# [Given information]
::::

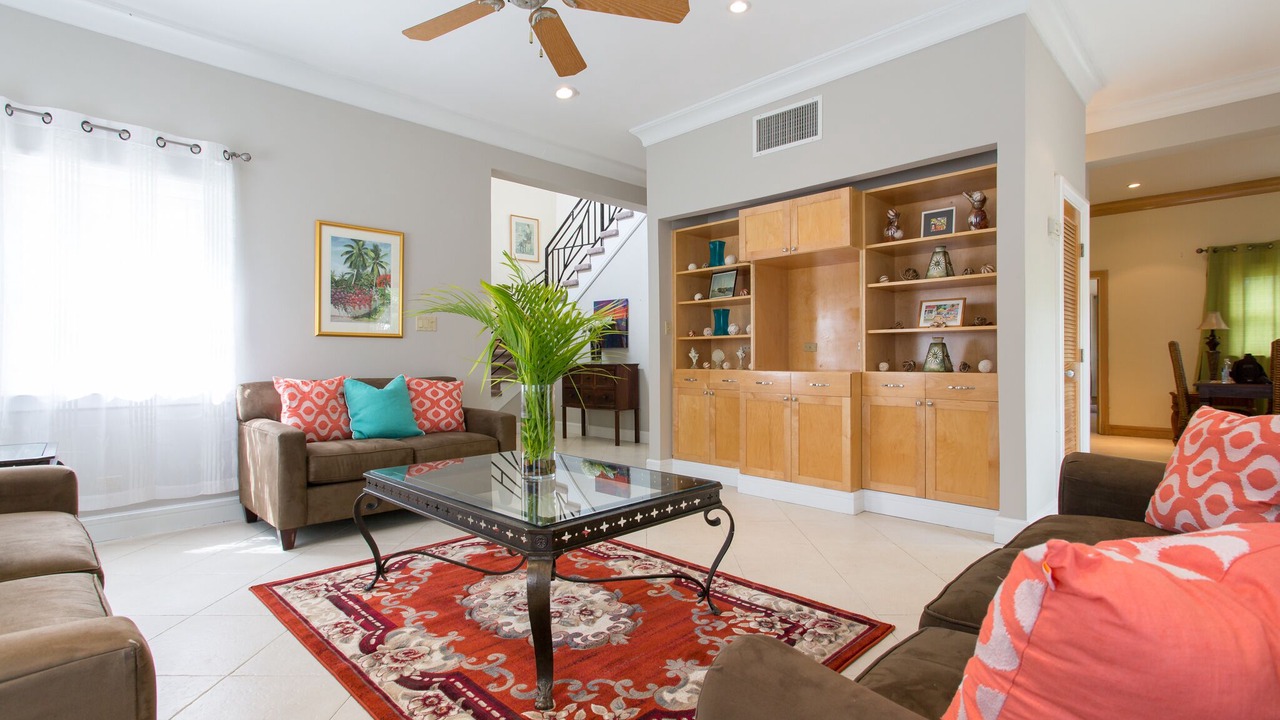 Photo of Livingroom in Nassau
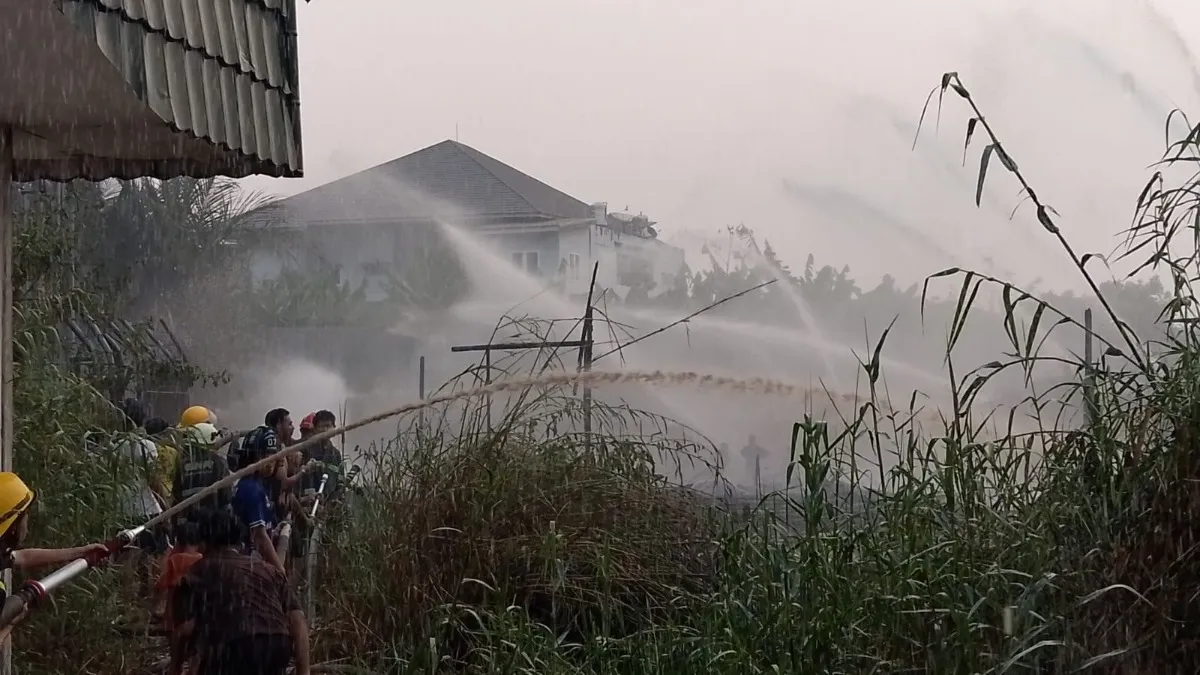 Api Berkobar di Komplek Uvaya Banjarmasin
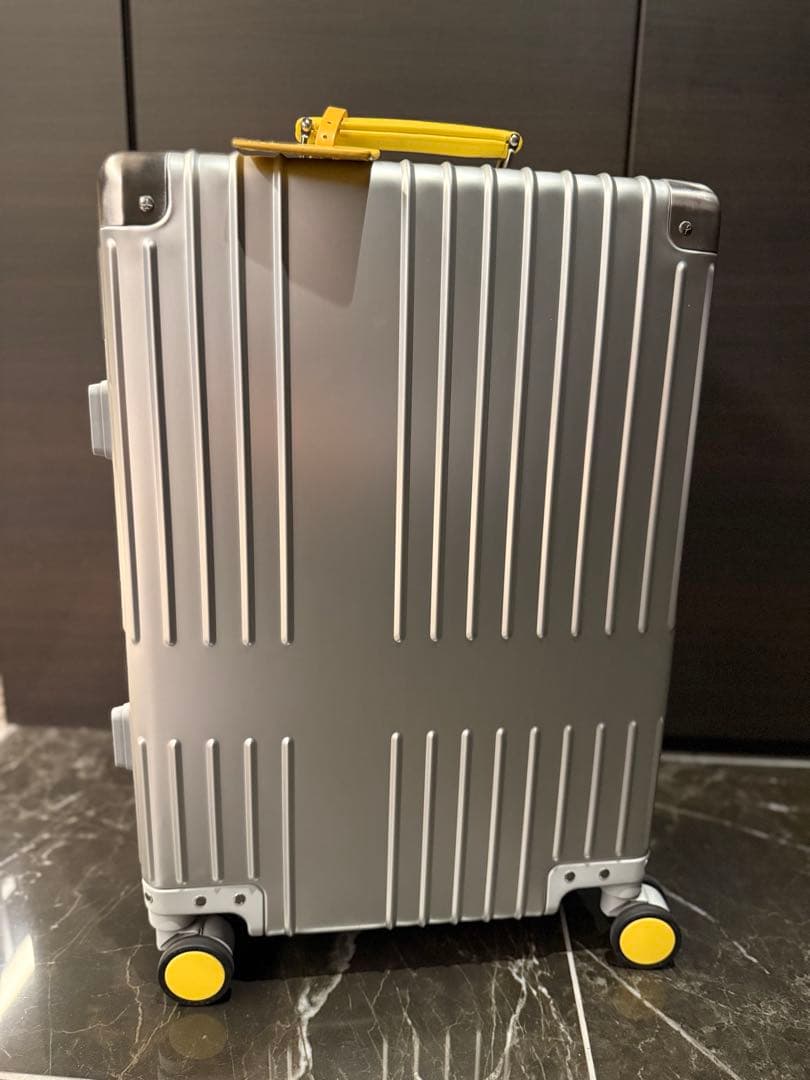 新品 限定 innovater イノベーター アルミ 36ℓ 機内持込 シルバー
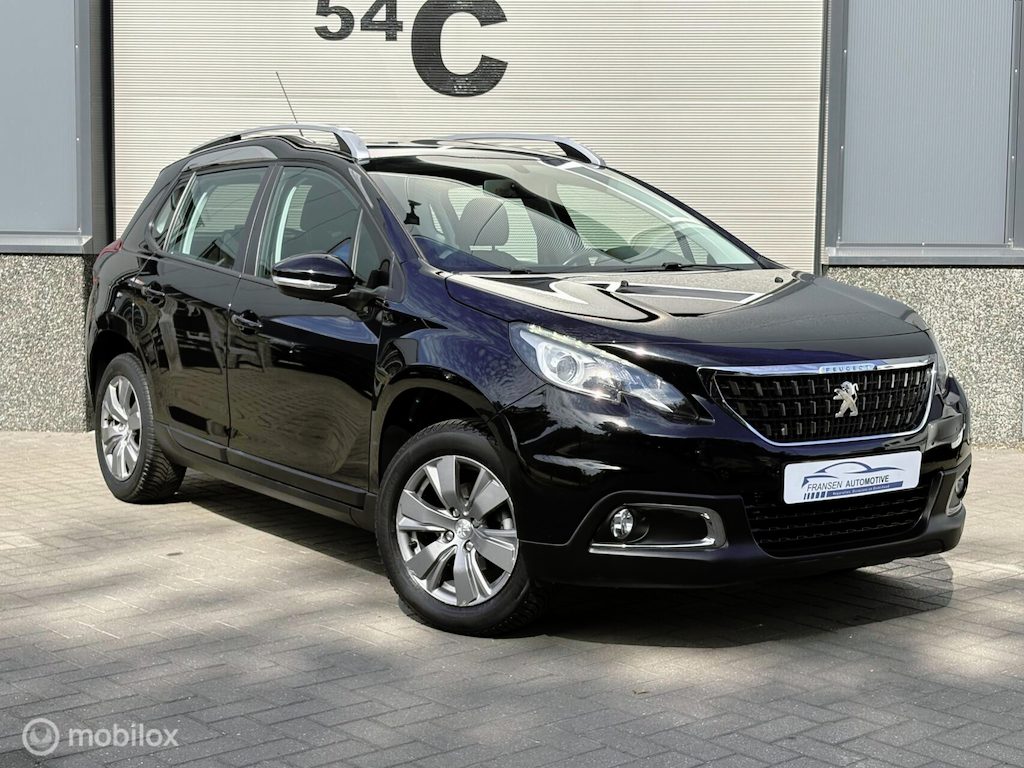 Peugeot 2008 1.2 PureTech Trekhaak/Pano/Airco Prachtige auto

::::

# [Exercise requirements]
Without the pictures, write out the listing exactly as it appears above.

# [Reply to the exercise]
 Photo of Livingroom in Nassau
 Api Berkobar di Komplek Uvaya Banjarmasin
 新品 限定 innovater イノベーター アルミ 36ℓ 機内持込 シルバー
 Peugeot 2008 1.2 PureTech Trekhaak/Pano/Airco Prachtige auto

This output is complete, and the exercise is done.